Cantwell: An Open Letter to President Obama
- May. 14, 2012
- 297 Comments
I, like millions of other Americans, am ecstatic about your formal announcement affirming your belief that same sex couples should be able to get married. Especially in response to North Carolina’s ban defining marriage as between a man and a woman, a strong executive support of part of the LGBT community is a positive step in the right direction for American political discourse.
But, Mr. Obama, I want to emphasize that this is not enough. While this reflects a significant shift in the political discourse of our nation, gay marriage is incredibly minuscule compared with many of the challenging issues currently facing the LGBT community.
What are these challenges, you ask? Let me remind you. According to the Center for American Progress, between 320,000 and 400,000 gay and transgender youth are homeless due to their sexual and/or gender identity. Between 2008 and 2010, 539 individuals were reportedly murdered for being transgendered. Nearly 37 percent of LGBT youth have reported attempting suicide, with 58 percent of youth reporting having suicidal thoughts.
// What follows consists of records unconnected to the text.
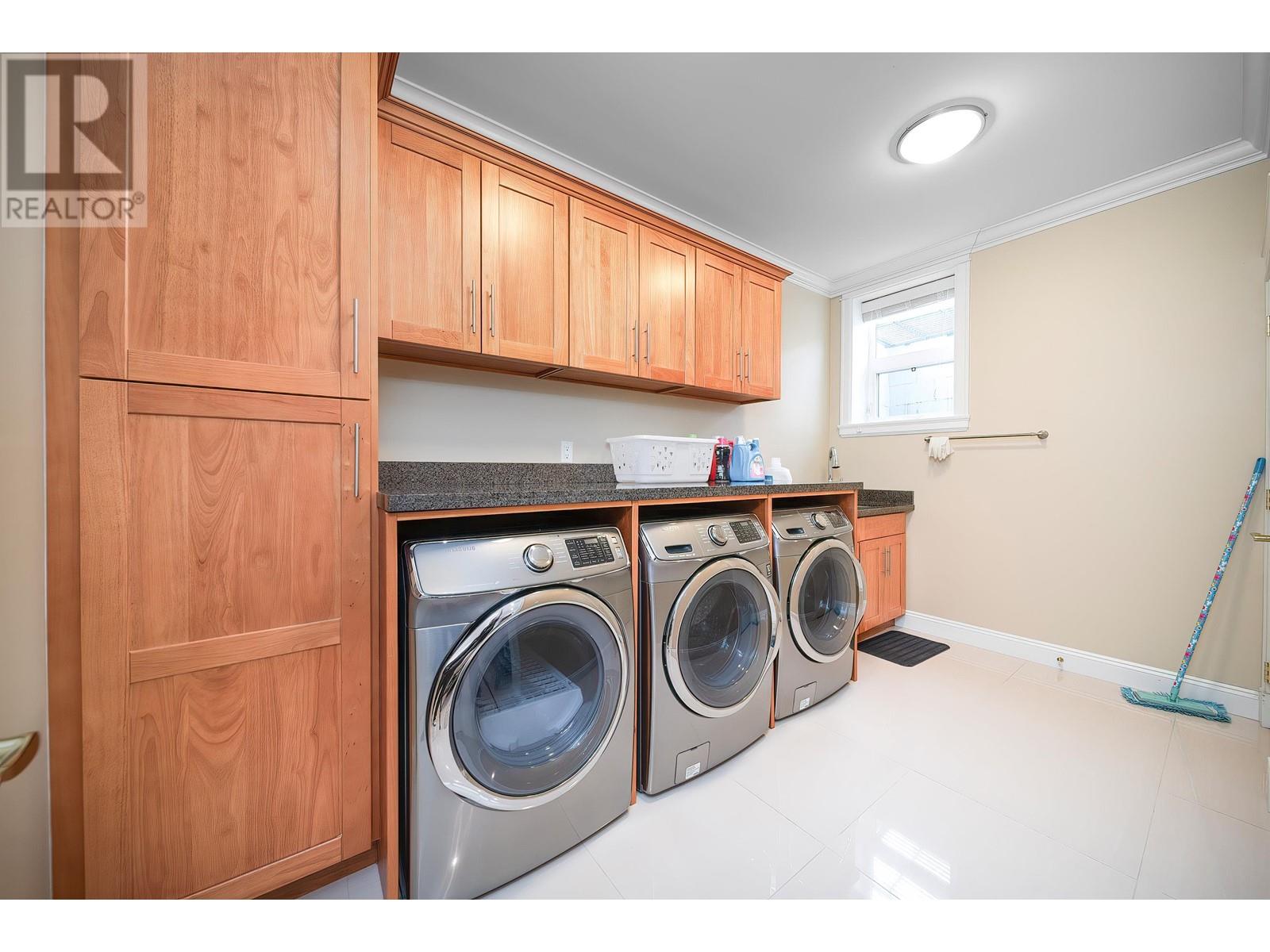 4319 Greta Street, Burnaby, British Columbia  V5J 1N9 - Photo 28 - R2982185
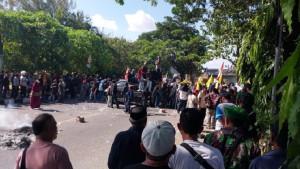 Mahasiswa-pendemo-mengepung-kantor-DPRD-Jl-Sultan-Hasanuddin-2025.jpg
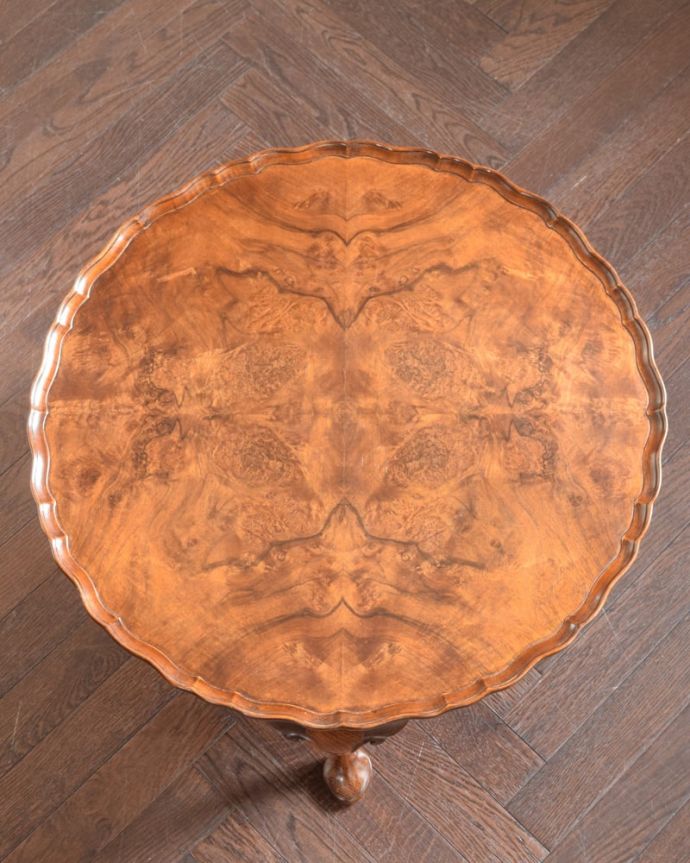 アンティークのテーブル アンティーク家具 アンティーク コーヒーテーブル 天板を上から見ると・・・コーヒーテーブルの天板は毎日使う場所だから専門の職人がしっかり修復しました。(k-2847-f)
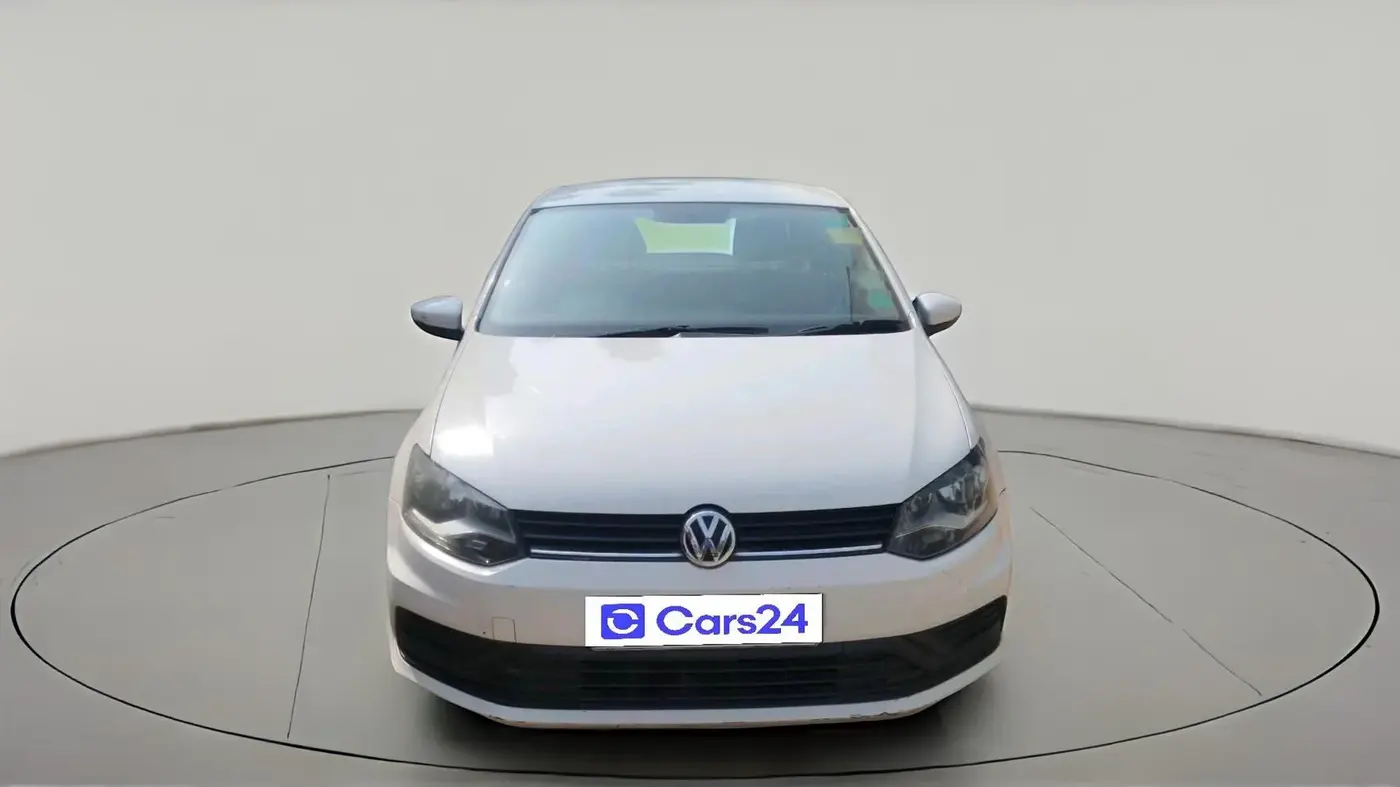 2018 Volkswagen Ameo TRENDLINE 1.0L, Petrol, Manual, 65,856 km, exterior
And yet, these issues represent only the beginning of the vast social inequalities of this nation. Declaring that you think same sex couples should be able to get married is great, but it does nothing to alleviate these issues.
As a moderate, socially aware, Midwestern woman, I am scared for the future of this country. Everywhere I turn, I seem to encounter new measures that limit the rights and freedoms of women and the LGBT community. I understand that you are a politician. I understand that you have campaign investors from an entirely different generation of this country. But I beg you, President Obama, please make an attempt to at least acknowledge these issues on a level above the relative triviality of marriage.
I believe in the power of grassroots movements — in fact, I think this is a major reason why you have even publically acknowledged that women should have control over their bodies and that marriage equality should exist. But history has repeatedly shown that in the instance of individual rights, government support and action is a necessary evil.
I’m not asking for sweeping reforms. I’m not even asking for any legislative initiatives. I’m simply asking for rhetorical support and acknowledgment by this administration on a level beyond what is politically advantageous or convenient for you.
Yes, I will certainly still vote for you this fall. Yes, I will continue to support a number of your policies. But when your campaign faces little risk of a loss (spoiler alert, GOP fans), you can afford to live up to your 2008 slogan of “Change We Can Believe In.”
President Obama, I believe in you. I WANT to believe in you. Please, don’t let my generation — and me — down.